Tired canoeists' fire 'not strong'

Tired canoeists' fire 'not strong'
Stephenie Chen (right) and Suzanne Seah paddling their way to gold in the women's K2 200m at Ngalike Dam on Friday - doubling their haul after winning the 500m race the day before.

SINGAPORE'S canoeists bagged their second gold at the SEA Games on Friday through the K2 200m duo of Suzanne Seah and Stephenie Chen.

But after three gruelling days, the team left the Ngalike Dam in quiet disappointment after failing to better their previous two gold, three silver, one bronze showing at the 2011 Games, or hit their target of three golds. Their 2013 campaign ended with a 2-2-2 tally.

However, coach Balazs Babella refused to fault his team, saying that they had given their best. The Hungarian explained that he had expected too much of them throughout the year - which has led to mental fatigue.

Midway through their Games campaign, he noticed that his charges looked tired and that the "fire" they had displayed in previous competitions was missing.

Said the two-time world champion: "It is 100 per cent my fault. I wanted too much and in the end, it was just too much for them.

"It has been a very long year, and we had to perform at every event. Mentally, it was just too much to handle.

"During competitions, I could see the fire they had in previous Games, but this time it's not that strong any more."

The bar was set for his team after a spectacular showing at July's South-east Asian Canoeing Championships in Palembang, Indonesia, where they took seven golds, four silvers and a bronze.

Encouraged by the results, Singapore Canoe Federation vice-president Zason Chian revealed that the team were eyeing three golds in Myanmar.

But with three of the men's events left out this year in the K1 1,000m, K2 1,000m and K2 200m - all of which Singapore were tipped to excel in - the team fell short of the mark.

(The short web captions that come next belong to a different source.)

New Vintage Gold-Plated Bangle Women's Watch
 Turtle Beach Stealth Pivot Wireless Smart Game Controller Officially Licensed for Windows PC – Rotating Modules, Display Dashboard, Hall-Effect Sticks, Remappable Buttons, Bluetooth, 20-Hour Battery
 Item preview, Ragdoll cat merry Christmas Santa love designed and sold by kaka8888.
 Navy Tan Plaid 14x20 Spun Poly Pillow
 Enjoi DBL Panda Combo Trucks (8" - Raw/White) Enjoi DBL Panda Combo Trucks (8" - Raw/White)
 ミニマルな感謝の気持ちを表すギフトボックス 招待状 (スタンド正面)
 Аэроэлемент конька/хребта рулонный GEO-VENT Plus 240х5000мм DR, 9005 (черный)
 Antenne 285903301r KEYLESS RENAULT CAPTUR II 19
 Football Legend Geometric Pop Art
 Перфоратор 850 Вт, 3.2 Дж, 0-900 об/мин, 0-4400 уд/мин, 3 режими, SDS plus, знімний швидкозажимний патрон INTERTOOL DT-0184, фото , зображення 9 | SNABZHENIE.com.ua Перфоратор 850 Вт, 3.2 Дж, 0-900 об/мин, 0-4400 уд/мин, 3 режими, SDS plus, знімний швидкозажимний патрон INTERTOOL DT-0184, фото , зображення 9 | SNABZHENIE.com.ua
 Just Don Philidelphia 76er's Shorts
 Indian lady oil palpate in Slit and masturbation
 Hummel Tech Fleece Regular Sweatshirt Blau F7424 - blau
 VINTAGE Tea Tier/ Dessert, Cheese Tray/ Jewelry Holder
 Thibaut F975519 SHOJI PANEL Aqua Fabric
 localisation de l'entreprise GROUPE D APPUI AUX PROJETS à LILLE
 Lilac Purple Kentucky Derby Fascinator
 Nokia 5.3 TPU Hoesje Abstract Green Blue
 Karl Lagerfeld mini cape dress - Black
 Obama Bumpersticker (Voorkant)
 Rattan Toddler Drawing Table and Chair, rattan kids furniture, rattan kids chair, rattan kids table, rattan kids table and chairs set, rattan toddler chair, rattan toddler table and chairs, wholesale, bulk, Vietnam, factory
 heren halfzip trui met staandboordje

Said the team's poster girl Geraldine Lee, who was part of yesterday's K4 200m bronze-medal quartet: "This is a competition. Sometimes the results are like this. We gave our best and we gave it everything we got." Along with Stephenie, Annabelle Ng and Sarah Chen, the team were beaten by 0.39 of a second by hosts Myanmar, who timed 37.39 seconds. Thailand were second in 37.68.

At least Seah and Stephenie again lifted the team as they took their second gold in 40.86sec. Myanmar (41.26) and Vietnam (41.76) were second and third.

The duo had won the K2 500m on Thursday.

Said Seah, a Nanyang Technology University undergraduate: "We really wanted to win for the team. This is really for the whole team, for everything we have worked for, all the effort that we have put in. The phrase 'trying our best' doesn't even explain how hard everyone pushed."

Friday's final medal was delivered by Mervyn Toh, who was second in the K1 200m. He lost to Thailand's Kasemsit Borriboonwasin by 0.41sec.

Like the tranquillity of the Ngalike Dam, where currents calmed down yesterday after days of strong winds, Babella and his team remained composed despite their disappointment.

The traditional celebrations at the coach's house back in Singapore will carry on because there are more battles to fight.

Already, they are looking to next year's Asian Games in Incheon, South Korea.

Said the coach: "Things can go two ways from here. Some will break, while others will come out stronger.

"We need to learn from what has happened here. We need to learn from the golds, the silvers, the fourth places, the fifth places. If we can do that, we will come out as winners."